A very great many thing were learned during sunday and monday. For starters, drinking, yea, never again. Wasn't worth the pain. It also kinda made me think about life in general, specifically mine. I guess what I'm saying is that by doing that, it really showed me some things and some flaws I have to really really work on. Since I don't know most of you that well I won't go into the great many personal problems I have in detail. In a more blunt less descriptive form, depression. I guess it was a wake up call? I've already done a few things that have made me feel somewhat better, but I think its going to be a long road.



I know that personally I have offended some of you. I won't go into detail, you know who you are, obviously. I feel that in order to make any progress and feel better about myself I have to first try and apologize to those I have offended or wronged in some way, however small. I don't wanna mention names, but those that this concerns, you obviously know who you are.


hang in there bro, your only 16 (according to the info under your avatar), your at the point in life where your gonna mess up and make bad choices, and lots of mistakes, the difference between you and others your age, is weather or not you learn from them or not ;) and by the looks of this post you are learning from them....and thats a good thing:main_thumbsup:
 

Ian S.

Active Member
Messages
1,924
Location
MA
Hey Hey,
Whats up Tom.

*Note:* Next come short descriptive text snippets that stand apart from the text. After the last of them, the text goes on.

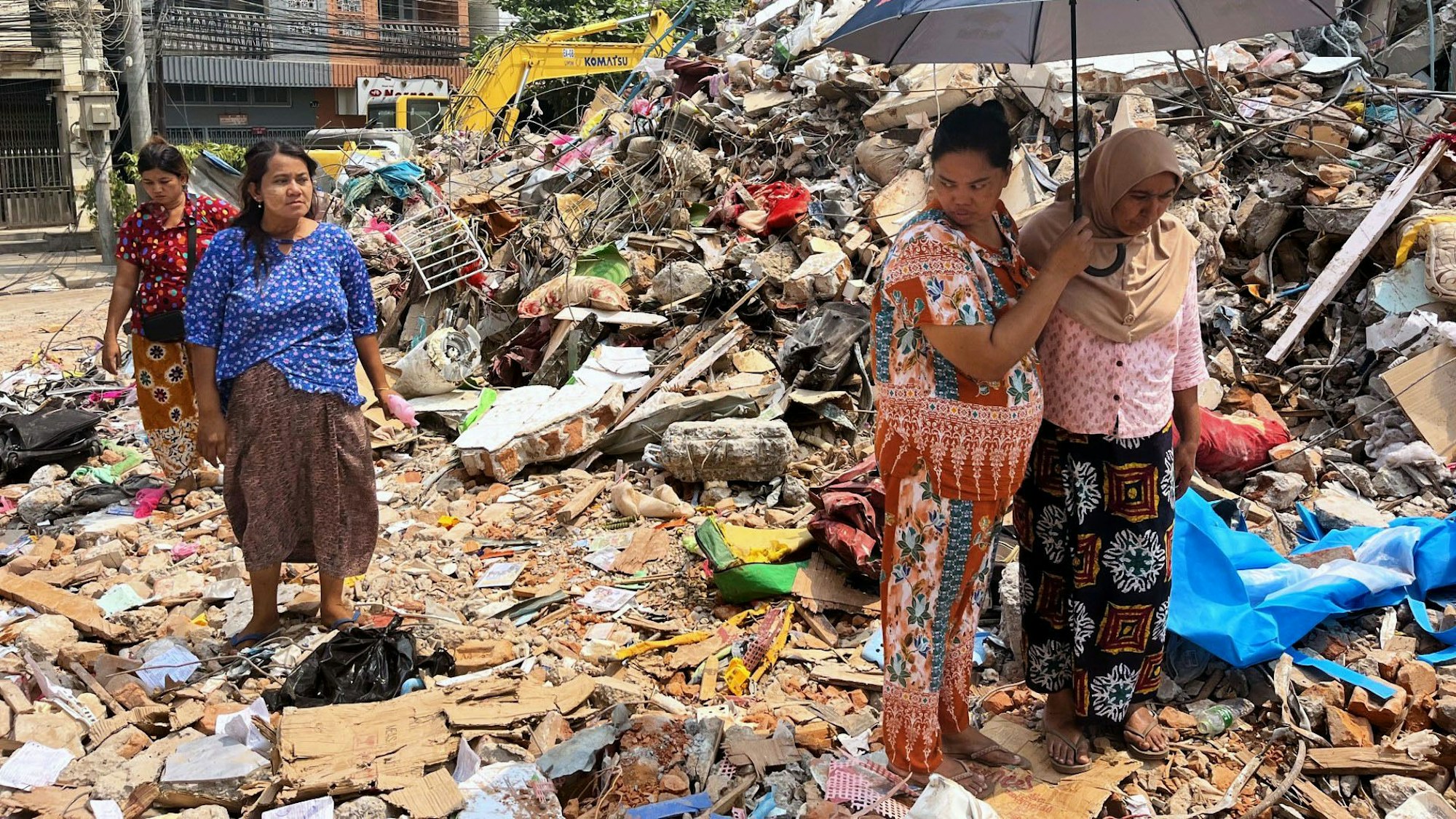 Menschen in Myanmar halten sich vor ihrem beim Erdbeben eingestürzten Haus auf. Foto: -/kyodo/dpa +++ dpa-Bildfunk +++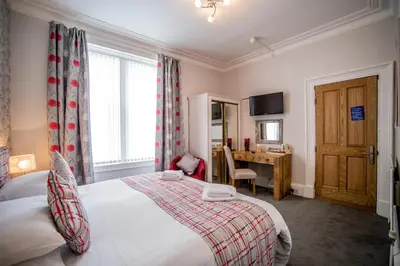 a bedroom with a bed and a desk and a window at Craignelder Hotel in Stranraer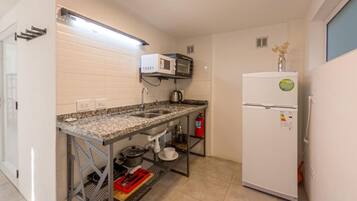 Cocina compacta con microondas integrado, refrigerador y lavamanos.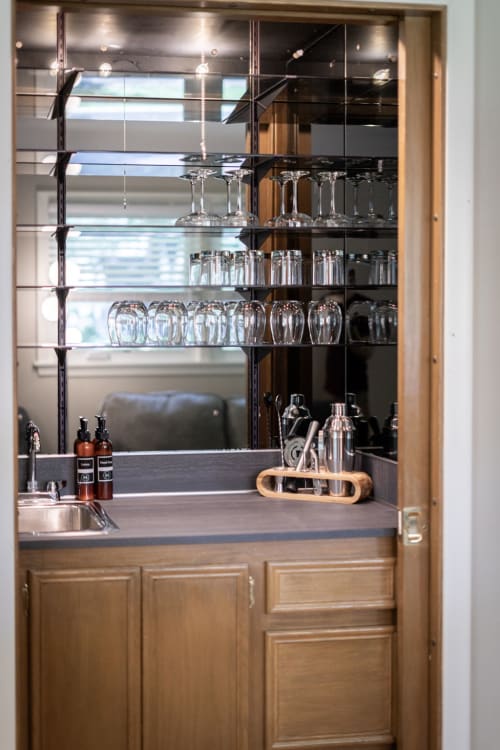 Your sophisticated wet bar awaits with gleaming glassware, cocktail shakers, and premium spirits perfectly organized for memorable evenings.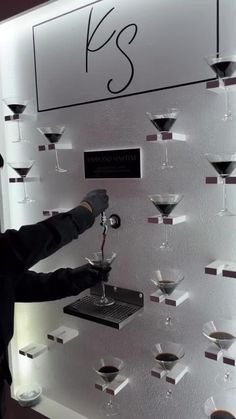 a man standing in front of a display of wine glasses on a wall with the name k s written on it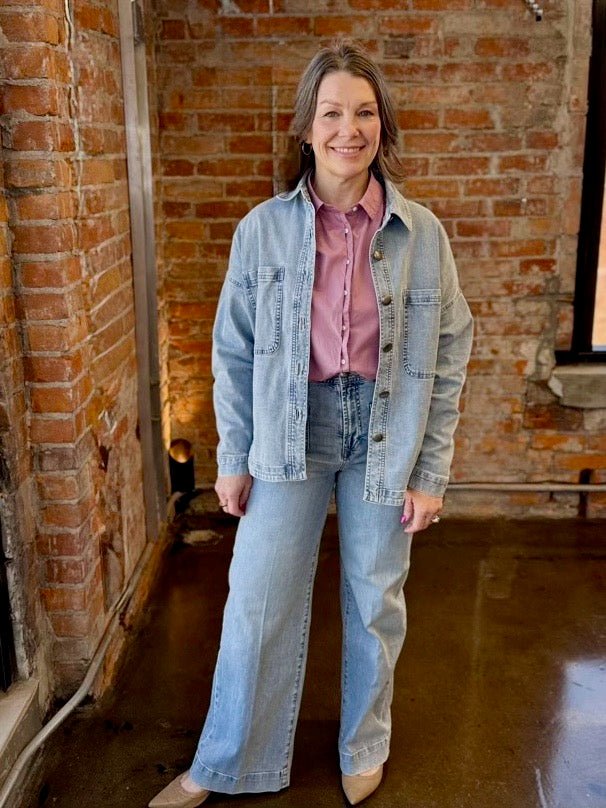Dear John Denim Gina Relaxed Fit Denim Jacket in Zurie wash, relaxed fit with functional pockets, styled over pink button-down and wide-leg jeans, front view on model
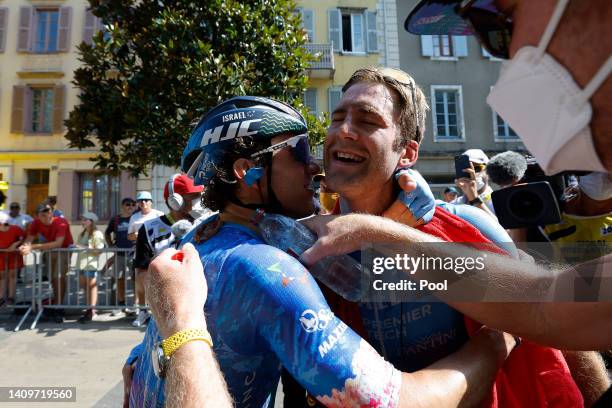 Stage winner Hugo Houle of Canada and Team Israel - Premier Tech celebrates at finish line as stage winner with his teammate Michael Woods of Canada...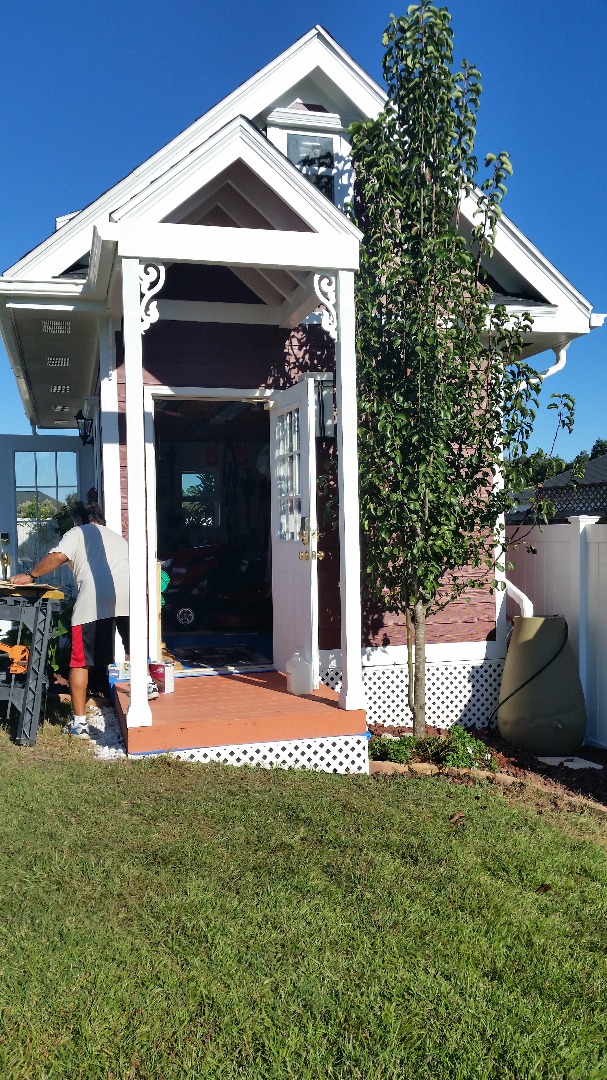 IMG-20151030-taping porch for painting.jpg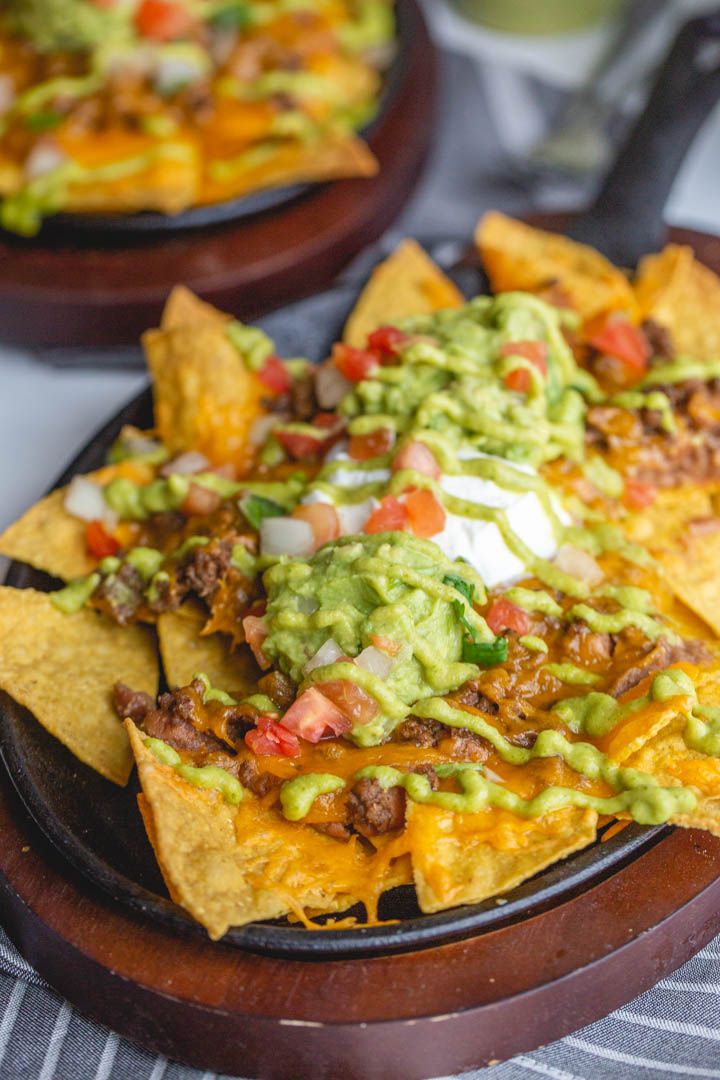 nachos with meat, cheese and guacamole on a wooden platter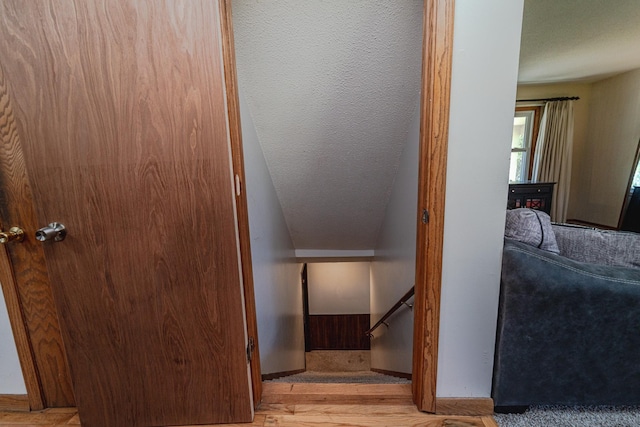 staircase featuring baseboards and wood finished floors
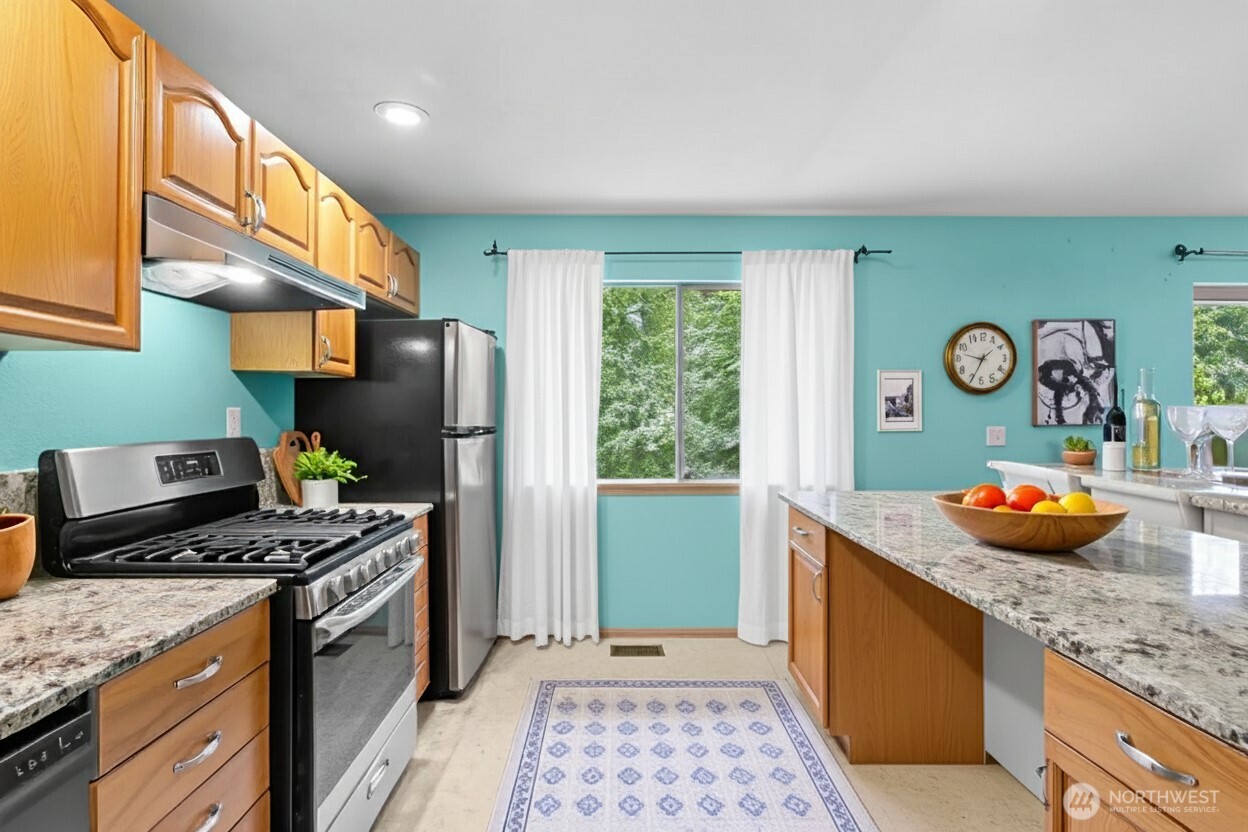 605 40th Place Everett, WA 98201 - Photo 24 of 39 a kitchen with stainless steel appliances granite countertop a refrigerator a stove and a sink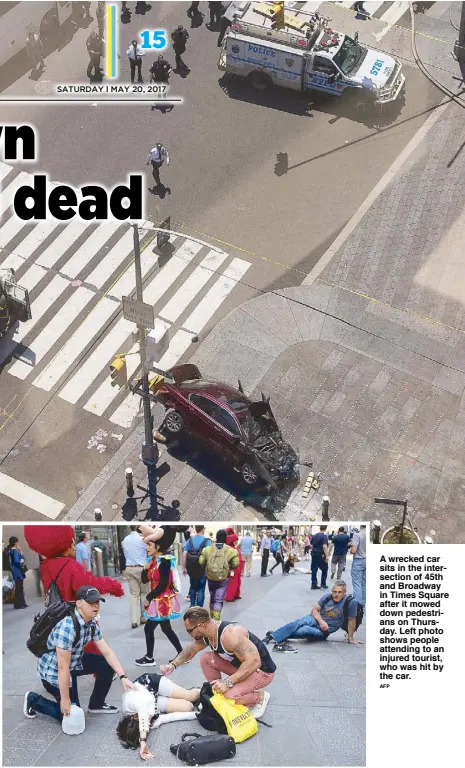  ?? AFP ?? A wrecked car sits in the intersecti­on of 45th and Broadway in Times Square after it mowed down pedestrian­s on Thursday. Left photo shows people attending to an injured tourist, who was hit by the car.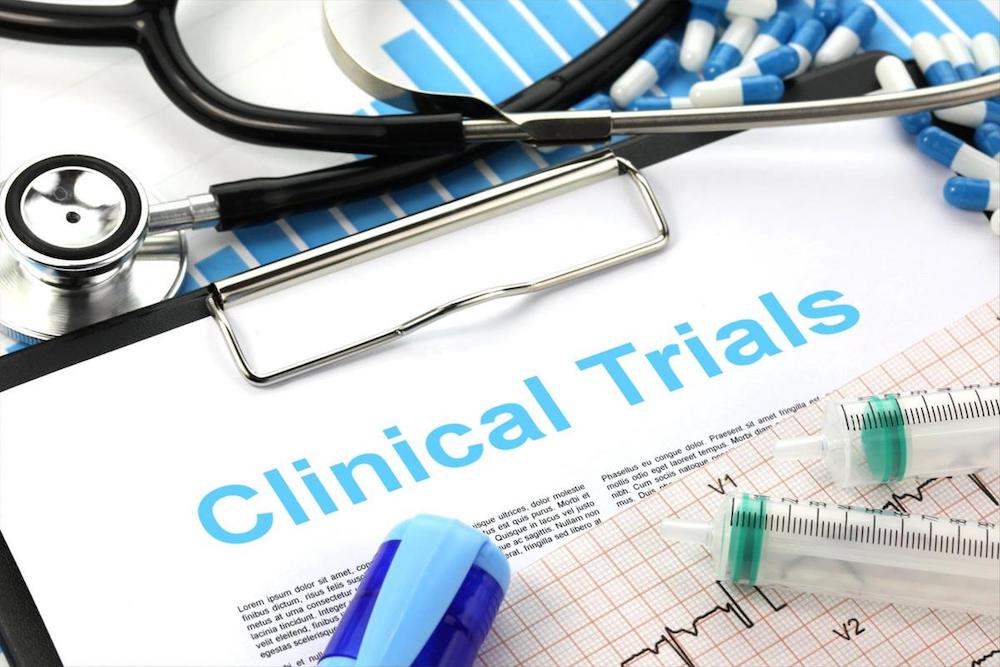 Binder saying clinical trials along with stethoscope, vials and pills.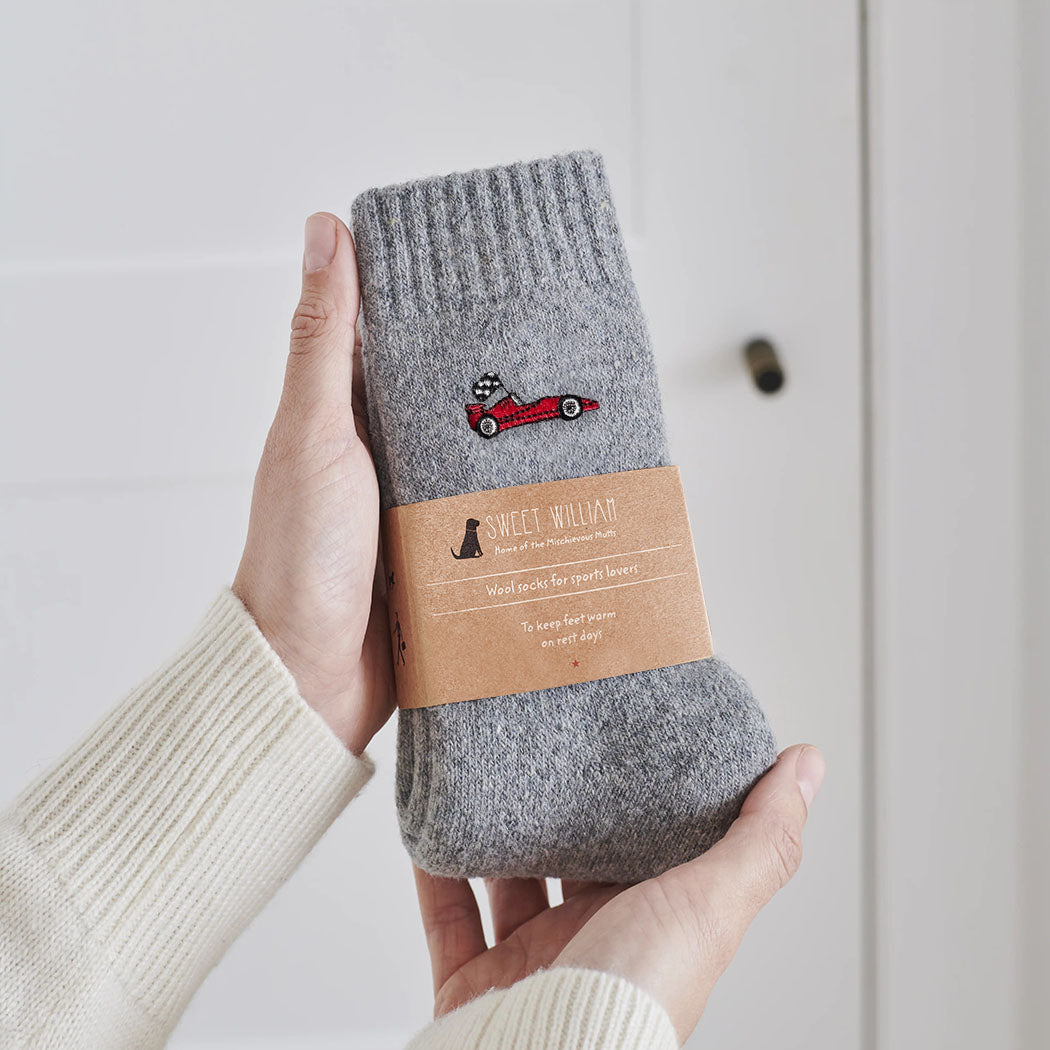 Embroidered red racing car wool socks held in hands with Sweet William Designs branded band — a thoughtful gift for racing fans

If you ever need someone to talk you can always PM me. You know that. It sometimes takes alot of twiggle berries to apologise and admitt your faults. BIG Ups!! Yes, it's even tougher to assure that it doesn't happen again. Life deals nasty blows thats fo sheezy, and I know you've had a rough couple of years. Hang in there. It's all in how you pick yourself back up that matters.

Oh yeah... and best thing to do with the punks who try to kick you when your down is to ignore them. It's only cause they're to sissy to take a shot otherwise. Keep your head up bro!